Most of the rest of the cast has very little to work with and were mostly mediocre, but I’ll make some quick notes.
- I barely recognized Robin Wright behind all that muscle, and it’s worth noting that she steals the show in the first few action sequences.
- Eugene Brave Rock is probably the lowest man on the totem pole in this film. His character seems unnecessary, and what few lines he has are delivered somewhat poorly.
Jenkins took a lot of ques from Zac Snyder, but left enough of her own mark to separate this film from the rest of the DC-verse. The big thing that stands out is how much color exists in this film, and how it uses contrasting colors. Diana’s home is full of vibrant color, whereas London and No Man’s Land are drab and almost lifeless. While she’s in these places, the color of her armor more than stands-out, she becomes a beacon for the people fighting with her.
In fact, it’s worth noting that the entirety of the No Man’s Land sequence is one of the best visual depictions of a superhero that I’ve ever seen on film. It’s no wonder that this was the sequence chosen most heavily to create the trailers for this movie.
A few cons are ones typical of a Snyder production. There is way too much slow-mo, though I think it was great in certain places. The big thing is that [WARNING: POTENTIAL MINOR SPOILER] they still haven’t quite figured out how to make a great sequence in which two “gods” are fighting one another. I understand that the CG is necessary, but these sequences just lack any oomph to them. It makes you wonder if anything is actually being accomplished when someone is getting thrown through a building. [END SPOILERS]
X-Factor: 6.2/10, Non-Speaking Germans
This film made the odd choice of showcasing Diana’s vast knowledge of the world’s languages, but didn’t allow anyone else to speak in any other language besides English. I literally cannot recall a single scene where a German actually speaks German to anyone, let alone a fellow German! Yet, we see Diana speaking French, Mandarin, Greek, ancient Samarian, and a host of other languages with subtitles included.

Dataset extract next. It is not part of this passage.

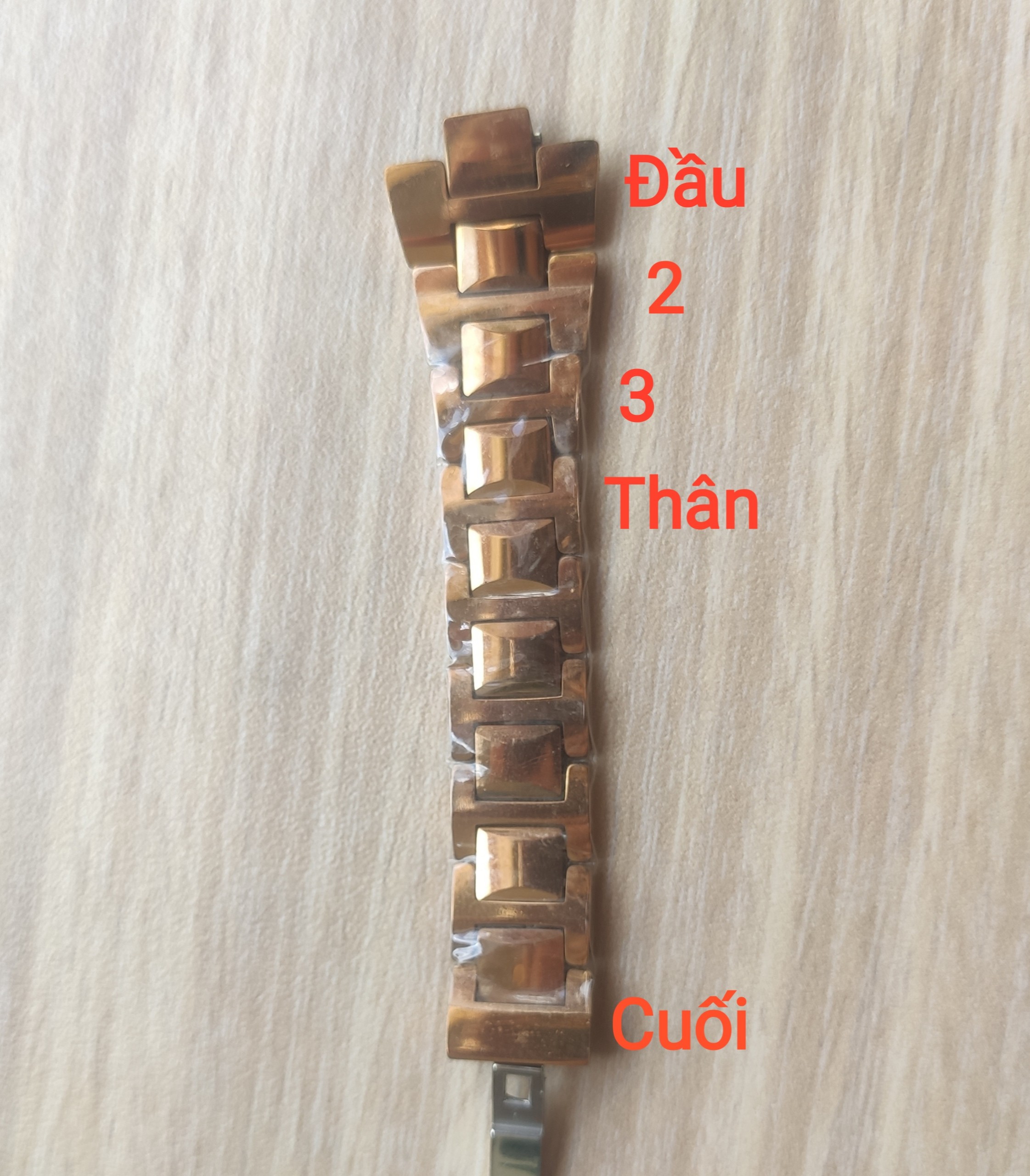 Dây đồng hồ nữ màu vàng bằng đá lắp cho dòng Rado 6050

Perhaps this was due to a lack of legit German actors, but I don’t think it’s an excuse, and it comes across as very odd.
Wonder Woman is, without a doubt, the best DC-verse film that we have gotten so far. While it is not quite up there with some of the recent bests (i.e. Logan), it is far superior to your run-of-the-mill superhero movie. I recommend seeing it this weekend regardless of your thoughts on the previous DC-verse film, Batman v. Superman (we’re going to ignore that Suicide Squad happened). If you’re not a fan of superhero films, I would still suggest seeing this movie, as the majority of the film is a refreshing break. That being said, the final act of the film reverts back to a typical superhero movie and leaves a bad taste in your mouth, but the first 2/3s of the film are good enough on their own to compensate.